Current state: "Under Discussion"
Discussion thread: https://lists.apache.org/thread.html/0480d17dad32c2df62b3d401385f2140e221b42ee696494a14f73dc5@%3Cdev.flink.apache.org%3E
Released: <Flink Version>
Please keep the discussion on the mailing list rather than commenting on the wiki (wiki discussions get unwieldy fast).
The documentation for Table & SQL API has evolved over time. In the meantime, more streaming concepts, a SQL Client, connectors, catalogs etc. were added. Also the vision of a unified API for both batch and streaming is making progress.
It is time to rework the structure in order to:
- attract and target both pure SQL users and programming users
- find features more easily
- have a clear reading flow/order of topics
This structure aims to get to the point quickly. It shows the features early to attract users and uses cross links e.g. to execution or concepts for interested readers.
The top-level pages are:
Overview *we start with a good overview*
Table API *get to the point, the features and operations*
SQL *get to the point, the features and operations*
Setup & Execution *explain the setup and how to execute features*
Connect to External Systems *details*
Built-in Functions *details*
User-defined Extensions *custom details*
Concepts *reference from other pages*
- Table & SQL Ecosystem
Highest level. Next to Application Development because most of the current list siblings are not applicable to this section. The section is also renamed because SQL Client, connectors, and catalogs are not only an API.
What is the Table & SQL Ecosystem?
Might be a big page but is a nice executive summary and informative.
- Main features like schema awareness, abstraction, connectors, catalogs etc.
- How do we achieve unified data processing?
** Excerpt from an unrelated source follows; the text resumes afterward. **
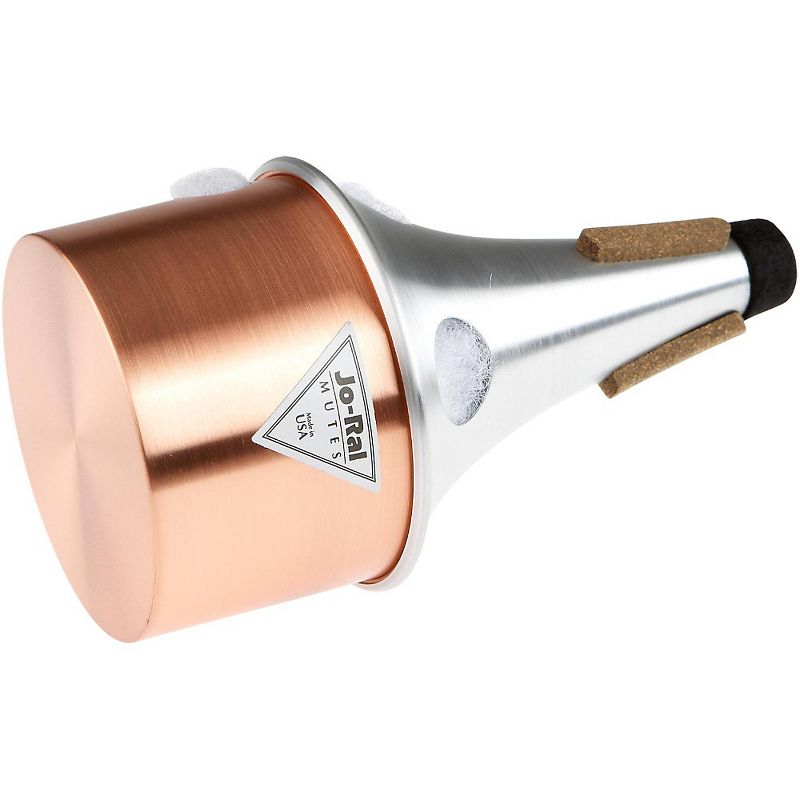 Jo-Ral 4C Aluminum/Copper Trumpet Bucket Mute, 3 of 5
Dynamic Tables
- Quickly mention planners
- Advantages/Disadvantages over DataStream API
- E2E example for SQL
- E2E example for Table API in Java/Scala/Python
- E2E example for Table API in Java/Scala/Python with DataStream API
- Short presentation of the SQL Client
- Table API
Goal: Show users the main table features early and link to concepts if necessary.
How to use the API? Intended for users with programming knowledge.
- Short getting started with link to more detailed execution section.
- Explain the most important methods in unified Table Environment
- Present sqlUpdate/sqlQuery etc.
- Querying, Execution, Optimization internals behind the API
- Full Reference
Available operations in the API. This location allows to further split the page in the future if we think an operation needs more space without affecting the top-level structure.
- Present the API operations
- ... more features in the future
Goal: Show users the main features early and link to concepts if necessary.
How to use SQL? Intended for users with SQL knowledge.
Getting started with link to more detailed execution section.
- Full Reference
Available operations in SQL as a table. This location allows to further split the page in the future if we think an operation needs more space without affecting the top-level structure.
- Data Definition
Explain special SQL syntax around DDL.
- Pattern Matching
Make pattern matching more visible.
- ... more features in the future
- Setup & Execution
How to setup a project and submit a job?
- Dependency structure for using the API
- Features and limitations of table environments
- How to setup Python projects?
- SQL Client
How to use the SQL Client? Docs for pure SQL users.
- … Notebooks, JDBC, and more executions in the future
- Connect to External Systems
How to connect to other systems for data or metadata?
- What are available sources and sinks?
- What are catalogs? What can I manage with it?
- Available Connectors
- Available Catalogs
- Built-in Functions
- User-defined Extensions
Use API extension points.
- Sources & Sinks
What are the general concepts (independent of API/SQL Client) any user should know about?
We put this at the end and link from the main pages to pages here if necessary.
What is a Planner? Temporary docs. Removed in the future.
- Blink Planner Features and Limitations
- Flink Planner Features and Limitations
- Data Types
Which data can we process?
- Unbounded Data Processing
Which operation needs special attention when working with unbounded data?
- Dynamic Tables (with all update modes)
- Time Attributes
- Query Configuration
- Joins in Continuous Queries
- Temporal Tables
Explain the concept of a temporal table.
Compatibility, Deprecation, and Migration Plan
We redirect old page links to the new structure.
The first version was more like a walkthrough to guide the reader:
Data Types *we start with available data types*
Connect to External Systems *a program starts with connectors*
SQL *continue with operators*
Built-in Functions *and functions*
Configuration *finally we tweak the execution*
However, the problem here was that a user would read a lot of "boring" concept pages first and the actual list of operations would be nested in the Table API section and SQL section. The API sections should have highest priority and be presented as one of the first items in the list.